Financial institutions are increasingly recognising the importance of the specific geographic location of company assets. From climate change and natural catastrophes to supply chain disruptions and geopolitical conflicts, many risk drivers are inherently spatial. Traditional risk data – often aggregated at the firm or sector level – can obscure local vulnerabilities.
Regulators and frameworks worldwide, such as the Taskforce on Climate-related Financial Disclosures (TCFD), emphasise the importance of the assessment of physical climate risks within a firm’s operations, which inherently demands location-specific analysis.
Accurate, validated asset location data enables a clearer understanding of multiple financial risks including climate risk, nature risk, credit and counterparty risk, operational and supply chain disruptions, and even geopolitical exposures – ultimately supporting better decision-making.
Why location matters
Traditional environmental, social, and governance (ESG) data and risk metrics are often reported at the company or regional level, averaging out the nuances of individual sites. This can lead to blind spots. The UK Centre for Greening Finance & Investment (CGFI) notes that a company’s environmental impacts and dependencies are “inherently location and context specific”. Without asset-level location intelligence, risk analyses may miss critical hotspots of risk.
Firm-wide averages dilute local extremes and priority locations. An oil and gas company, for instance, might disclose a general climate risk rating or an aggregate biodiversity impact, but that fails to distinguish a refinery built in a coastal hurricane zone from one located inland. Similarly, the risk profile of a mine in a fragile tropical ecosystem, versus one in a barren desert, is incomparable.
Emerging research shows that incorporating high-resolution spatial information can dramatically improve risk analysis. Understanding the precise location of a company’s operations enables analysts to integrate asset-level exposure with specific environmental conditions, resulting in a deeper understanding of how assets could be impacted by factors such as natural disasters and climate change.
Crucially, spatial context reveals hidden risks that would be invisible in aggregate data. In nature risk analysis, this is framed as ‘double materiality’ – how nature impacts the company and how the company impacts nature – both sides being fundamentally location-dependent. For example, a large agribusiness or data centre might appear low-risk in a broad ESG scorecard until, for example, geospatial analysis shows its plantations or operations overlap with endangered species habitat or water-scarce basins.
Pinpointing which assets sit in harm’s way – whether environmental sensitivity or physical hazard – are rarely attainable through coarse data or voluntary corporate reporting alone. These granular details are necessary to provide a holistic and accurate understanding of a company’s overall assets and operations and its collective impact and dependency on nature.
Diversifying risk
Location precision is paramount for physical climate risk assessment. Climate hazards like floods, hurricanes, wildfires, heatwaves and sea-level rise are unevenly distributed across geographies. Even within a single country, one region may face frequent flooding while another suffers drought. An organisation can only gauge its true exposure to climate extremes by mapping which assets lie in harm’s way. Integrating asset coordinates with climate data yields more accurate loss projections and resilience plans.
In practice, mapping loan exposures to specific locations revealed that a large share of one country’s banking assets were tied to operations in a single high-risk region – a concentration risk that would have been obscured without geospatial mapping. Identifying this risk meant that necessary action was taken to diversify the risk.
Lessons from the insurance industry
Financial firms are now borrowing tools long used by the insurance industry. Insurers have traditionally priced property coverage by evaluating location-specific catastrophe models – for example, using a building’s coordinates to estimate hurricane wind damage risk. Banks and asset managers are starting to do the same for climate risk, linking each asset or collateral to local climate hazard data.

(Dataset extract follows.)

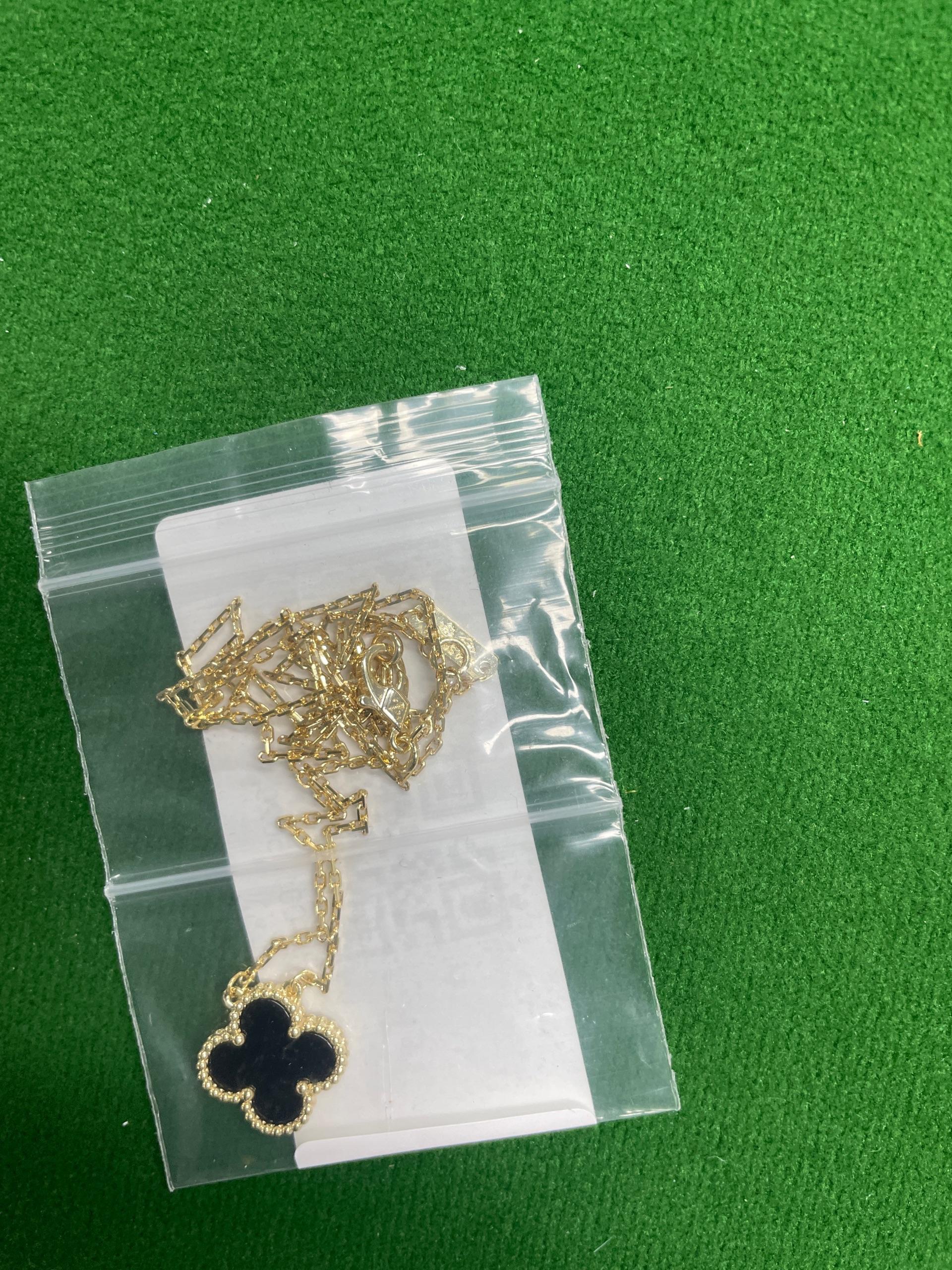 Foto QC 7 de Van Cleef & Arpels Alhambra Earrings Gold Turquoise Blue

This allows for a bottom-up aggregation of risk, enabling more precise differentiation of risk levels within region. For example, identifying a Southeast Asia facility sitting on high ground with a flood defence levee as low risk, versus another facility within the region sitting along an unprotected riverbank as high risk. Such differentiation is only possible with precise geospatial intelligence.
Precise asset location data is the linchpin for understanding physical climate risk. It turns abstract projections of climate change into concrete insights about which investments are exposed, enabling investors to make informed decisions.
Conclusion
Asset location precision has moved from a niche concern to a foundational element of financial risk analysis. High-resolution geospatial data transforms how banks, investors and insurers understand their exposure, offering a lens to see risks that were previously hidden. This empowers a shift from reacting to surprises to proactively mapping vulnerabilities and preparing for them.
High-resolution asset location data represents a powerful innovation at the nexus of finance, technology and science. It is more than a technical nicety; it is a strategic imperative for risk-aware financial institutions. By integrating granular location intelligence into risk frameworks, institutions can drive more resilient allocation of capital throughout a period where growth is key.